'''
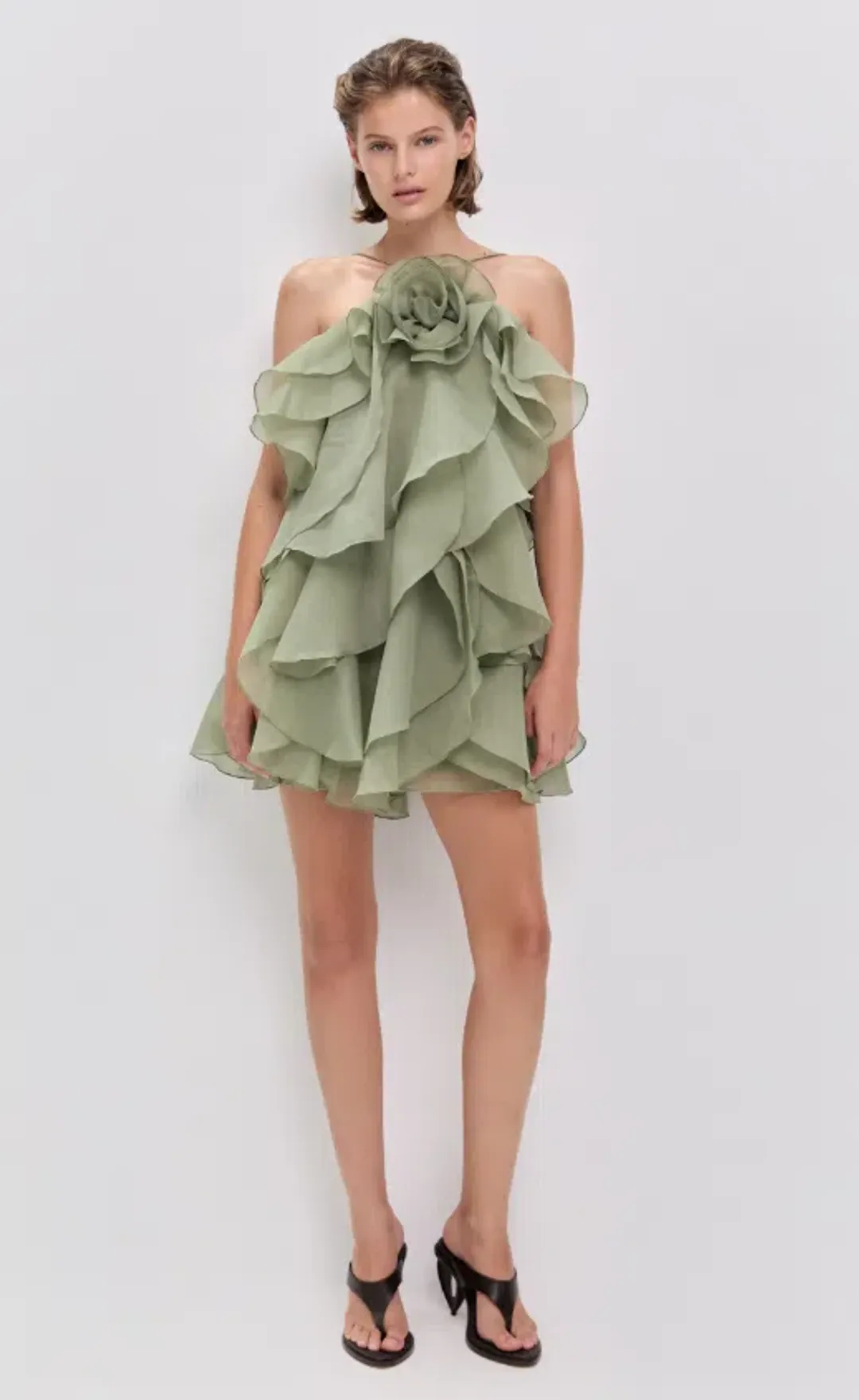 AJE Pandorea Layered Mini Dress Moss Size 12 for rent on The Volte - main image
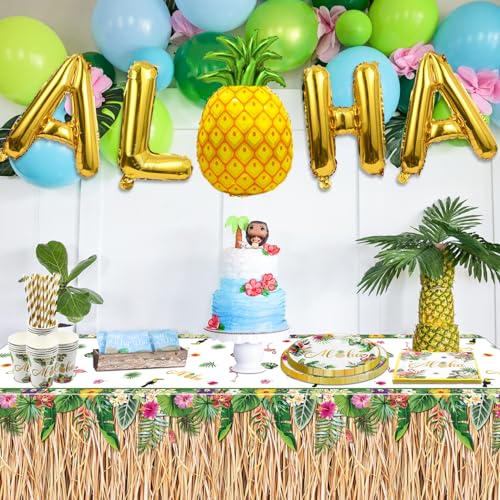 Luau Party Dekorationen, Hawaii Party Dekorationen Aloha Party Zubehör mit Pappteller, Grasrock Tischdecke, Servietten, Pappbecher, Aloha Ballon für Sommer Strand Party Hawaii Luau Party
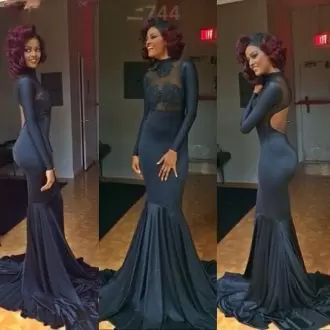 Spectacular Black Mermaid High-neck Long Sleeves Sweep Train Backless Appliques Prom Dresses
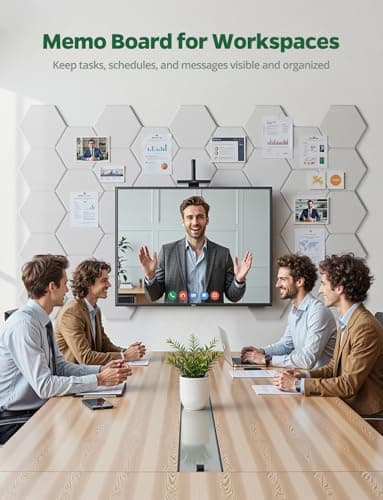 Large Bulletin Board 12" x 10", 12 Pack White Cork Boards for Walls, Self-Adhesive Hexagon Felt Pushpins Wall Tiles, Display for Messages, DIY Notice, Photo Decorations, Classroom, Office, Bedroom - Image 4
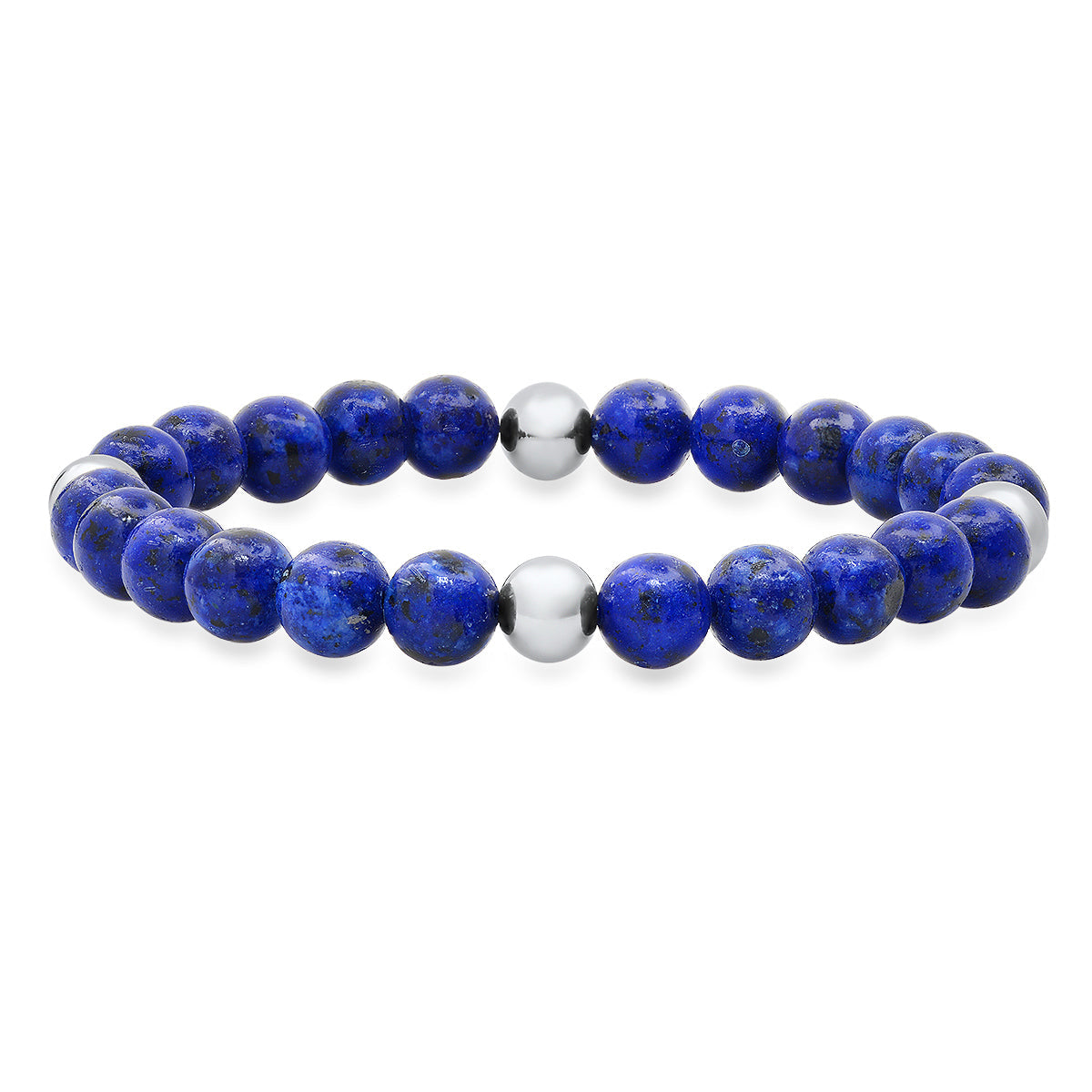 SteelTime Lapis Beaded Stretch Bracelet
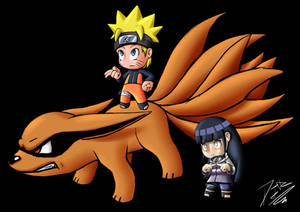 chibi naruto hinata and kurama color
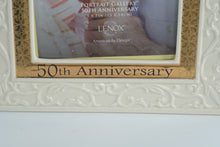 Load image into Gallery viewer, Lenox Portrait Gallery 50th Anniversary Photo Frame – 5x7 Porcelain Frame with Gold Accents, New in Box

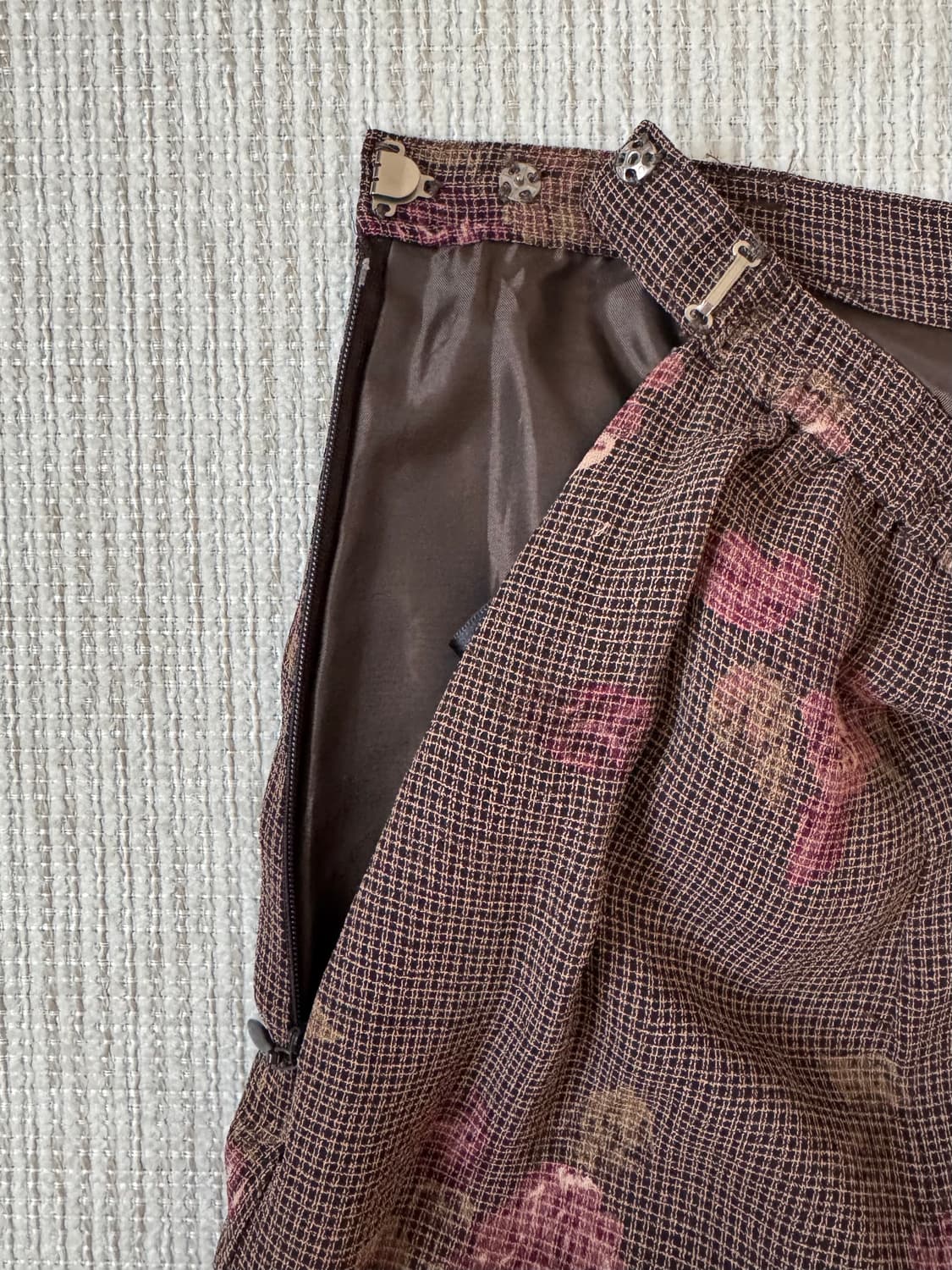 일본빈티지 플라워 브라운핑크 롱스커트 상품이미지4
'''
#### [ASSIGNMENT]
Please reproduce nothing but the lines from the one containing "Load image into" through the closing line of the listing, retyped word for word, pictures excluded.

#### [OUTPUT FOR THIS EXERCISE]
 Load image into Gallery viewer, Lenox Portrait Gallery 50th Anniversary Photo Frame – 5x7 Porcelain Frame with Gold Accents, New in Box

 일본빈티지 플라워 브라운핑크 롱스커트 상품이미지4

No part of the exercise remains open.